Sur le rapport aux militaires, pointés du doigt pour leur violence ou leur passivité face aux exactions des milices, il faut rappeler qu’il existe en Egypte un service militaire obligatoire, dont il n’est possible d’etre exempté que sous certaines conditions reproduisant très souvent des rapports de classe. En effet, les militaires que l’on a croisé sont très majoritairement de très jeunes hommes appartenant aux classes populaires qui n’ont pas accès aux cursus d’étude longs ou a l’argent et aux relations nécessaires pour échapper à l’armée. Sans aller jusqu’à en faire nos alliés, il me semble que c’est un paramètre a prendre en compte dans l’analyse de la situation et la désignation des coupables sur place, notamment en les distinguant des services secrets Egyptiens (policiers en civils) qui agissent main dans la main avec le gouvernement et participent activement à la répression des populations.
(On passera sur les gens qui accusent les égyptien.nes de ne pas avoir assez soutenu la marche, démontrant une absence totale de conscience des enjeux de répression pour les populations sur place qui risqueraient leur vie à participer à ce genre d’action).

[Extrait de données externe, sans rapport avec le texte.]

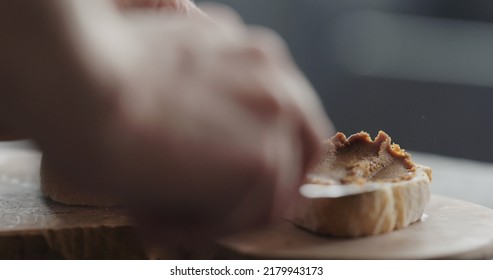 Man Spread Caramel Spread On Ciabatta Bread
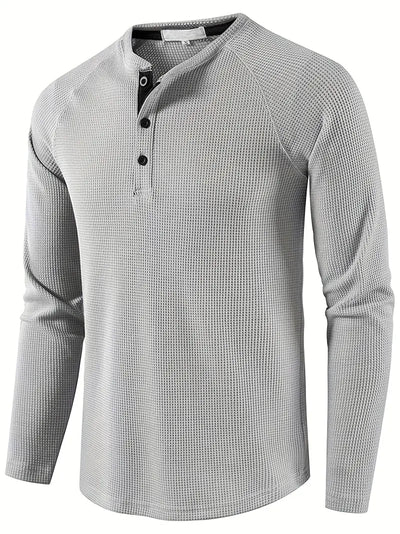 Elegant, ensfarget, langermet poloskjorte for menn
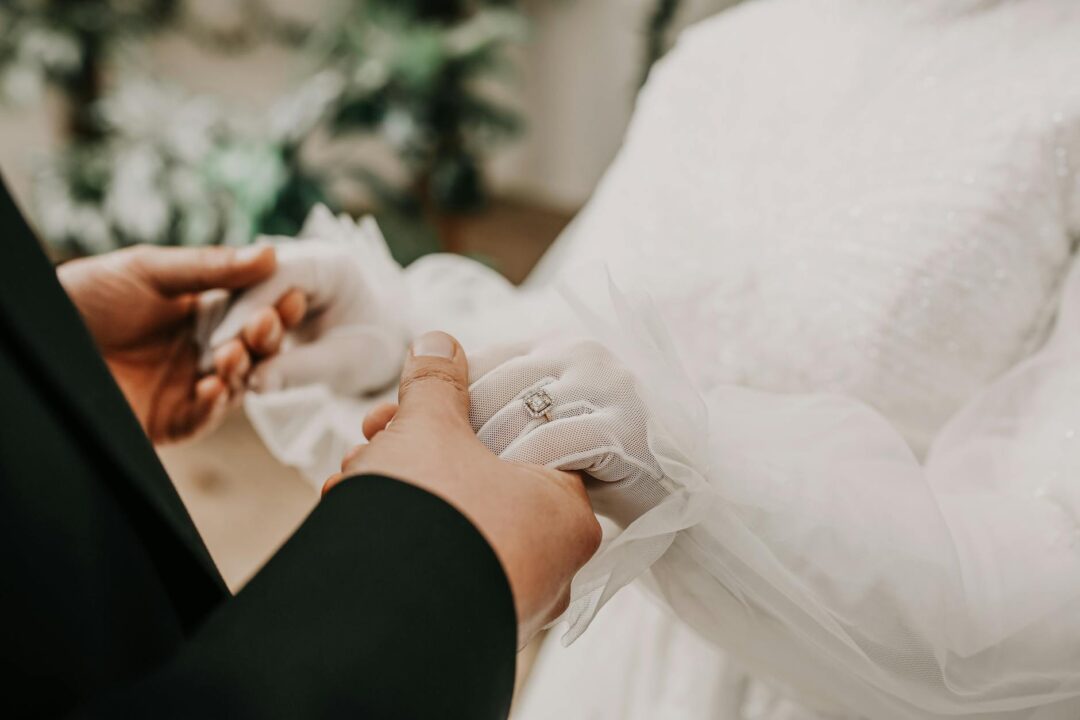 Couple's hands holding elegant white wedding thank you cards with gold flat foil monogram lettering on a marble surface, Paperlust design fl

3. Désorganisation et incapacité à se soutenir dans les moments de panique
Tout le long de l’action , les échanges entre participant.es on été ultra tendus sur les groupes telegram de la délégation française. C’est assez démoralisant de constater notre capacité a perdre tout sentiment de solidarité les un.es envers les autres dans les moments de panique. On est tenté de voir un côté très francais dans cette tendance a s’envoyer chier pour le moindre prétexte mais c’est peut être biaisé et on attendra d’avoir les retours des autres délégations pour se faire un avis. En tout cas, ça a posé une ambiance très lourde sur les groupes avec des centaines de messages par jour qui partaient dans tous les sens, en passant de la dramatisation inutile et anxiogène de la situation pour certain.es ; à la culpabilisation a tendance sacrificielle pour d’autres.
Dans l’ensemble il me semble qu’il y a pas de regrets à avoir, on aura moins essayé de faire quelque chose. Mais on gagnerait collectivement à tirer des enseignements de ce genre d’initiative, qui aura malgré tout permis de faire passer un message et de renforcer l’idée que la résistance doit être populaire et massive.